EXERCISE DETAILS: Set down without change every line from the line that contains "Carica l'immagine nel" through the end of the listing, and only those lines. No pictures.

AVAILABLE DATA:

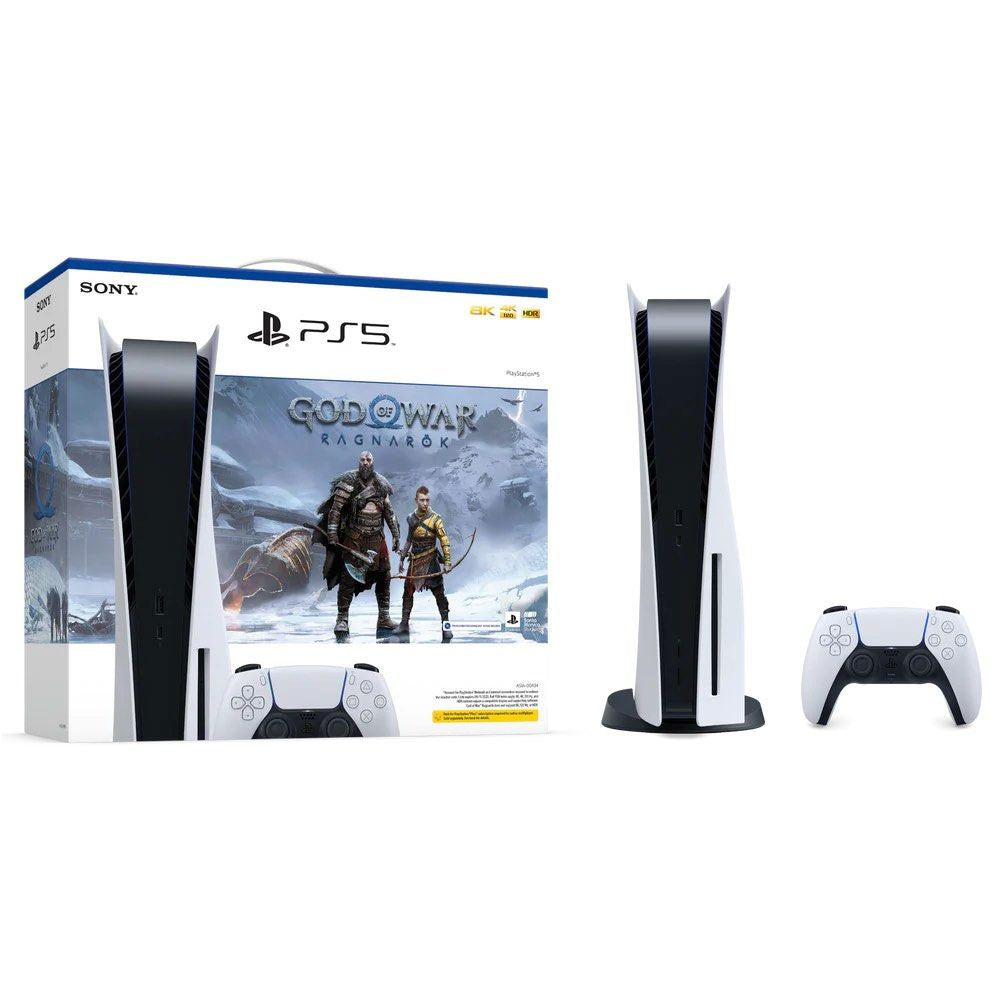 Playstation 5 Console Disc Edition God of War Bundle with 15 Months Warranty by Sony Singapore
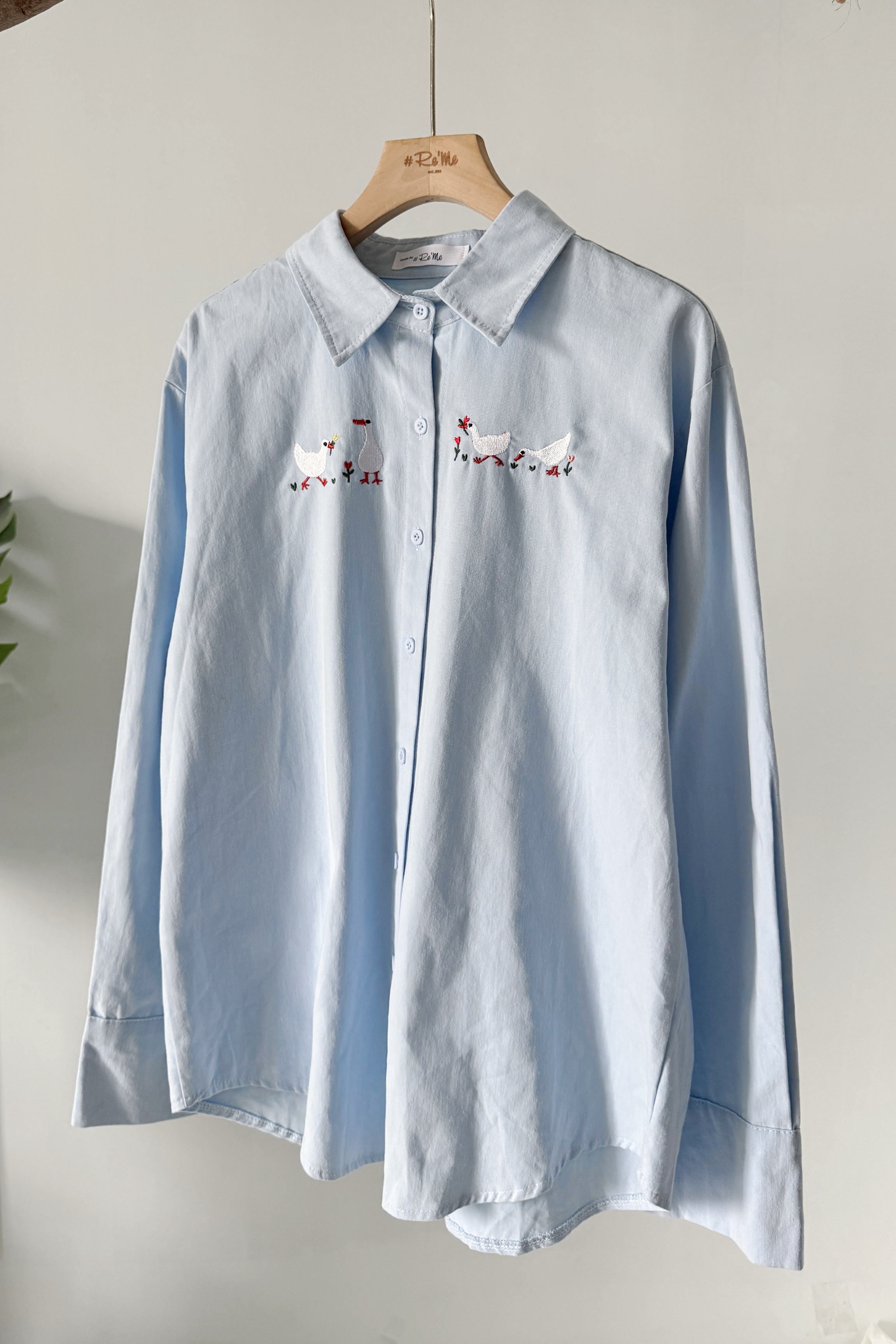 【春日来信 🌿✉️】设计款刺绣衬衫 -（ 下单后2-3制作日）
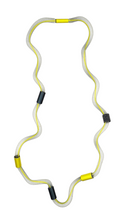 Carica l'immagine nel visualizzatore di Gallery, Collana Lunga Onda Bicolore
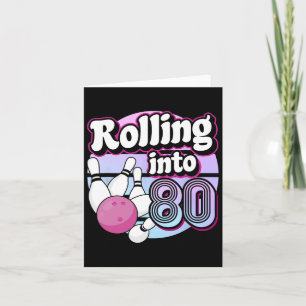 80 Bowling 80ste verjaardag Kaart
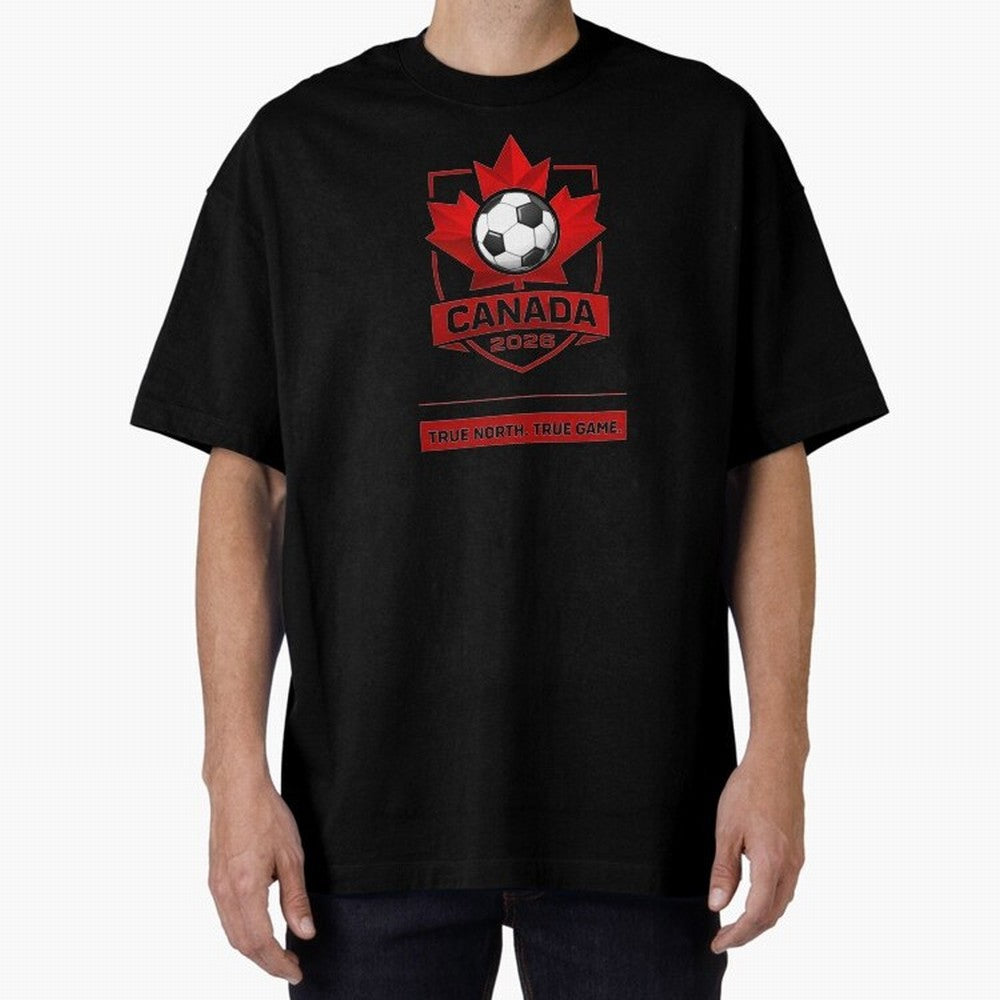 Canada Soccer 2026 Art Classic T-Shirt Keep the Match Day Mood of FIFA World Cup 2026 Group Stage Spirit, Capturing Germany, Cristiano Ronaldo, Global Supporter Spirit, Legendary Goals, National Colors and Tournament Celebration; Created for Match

EXERCISE RESPONSE:
 Carica l'immagine nel visualizzatore di Gallery, Collana Lunga Onda Bicolore
 80 Bowling 80ste verjaardag Kaart
 Canada Soccer 2026 Art Classic T-Shirt Keep the Match Day Mood of FIFA World Cup 2026 Group Stage Spirit, Capturing Germany, Cristiano Ronaldo, Global Supporter Spirit, Legendary Goals, National Colors and Tournament Celebration; Created for Match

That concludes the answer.